Friday, February 13, 2009

China's Dollar Link Could Be a Depression Stopper

China's Dollar Link Could Be a Depression Stopper

Nobody wants a trade war between two giant economies.

Tensions between the U.S. and China escalated recently when Treasury Secretary Timothy Geithner said during his Senate confirmation hearing that President Obama "believes that China is manipulating its currency." He went on to say that China and countries like it "cannot continue to get a free pass for undermining fair-trade principles."

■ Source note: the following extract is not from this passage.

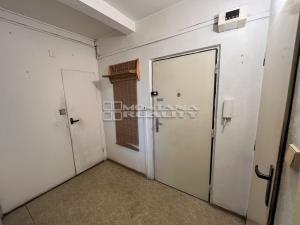 Prodej bytu 2+kk, Olomouc, Fügnerova, 44 m2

This prompted Chinese Premier Wen Jiabao to mount a vigorous defense of China's existing exchange-rate policy. On a trip to Berlin late last month, Mr. Wen said there are "strong fluctuations in exchange rates between different currencies in the world . . . but China is not to blame for this." He pledged to keep the yuan at a "reasonable and balanced level."

Let's be clear here: First, there's no reason to believe that China does not desire a stable currency. Second, China bashing -- i.e., U.S. pressure to force Beijing to appreciate the yuan -- is misguided economic policy. Economists -- and the politicians they indoctrinate -- must discard the false theory that one can use changes in the exchange rate to control the net trade balance in a predictable way.

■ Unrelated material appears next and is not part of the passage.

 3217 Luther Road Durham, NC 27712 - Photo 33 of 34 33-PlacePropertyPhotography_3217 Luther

Instead of being an exchange-rate question, the huge trade imbalance between the two countries has two related causes: net "surplus" saving in China, i.e. domestic saving far beyond that which is needed to finance domestic investment; and an even bigger net saving deficiency in America. Since the collapse of the housing bubble in 2008-09, U.S. household consumption has plunged and saving has risen, depressing the global economy while reducing the U.S. trade deficit.

Contrary to widely held beliefs in both China and the U.S., a discrete appreciation of the yuan against the dollar would not reduce China's trade surplus or America's trade deficit. A discrete appreciation of the yuan could have the perverse effect of causing investment in China to slump, as firms see China becoming a higher-cost area. This could drive up China's already high net savings rate, thus increasing its trade surplus with the U.S.

Mr. Geithner's accusations notwithstanding, China has other reasons for wanting to keep the yuan-dollar rate stable. First, as long as the fixed rate is credible -- as it was between 1995 and 2004 at 8.28 yuan per dollar -- it serves as an effective monetary anchor for China's internal price level. After inflation had exploded to over 20% per year in 1993-95, the fixed-rate anchor helped China regain price-level stability. Second, Beijing's four trillion yuan ($586 billion) fiscal stimulus package, launched in November and likely to grow even larger, would be most effective if China's exchange rate is kept stable -- as it has been since last July.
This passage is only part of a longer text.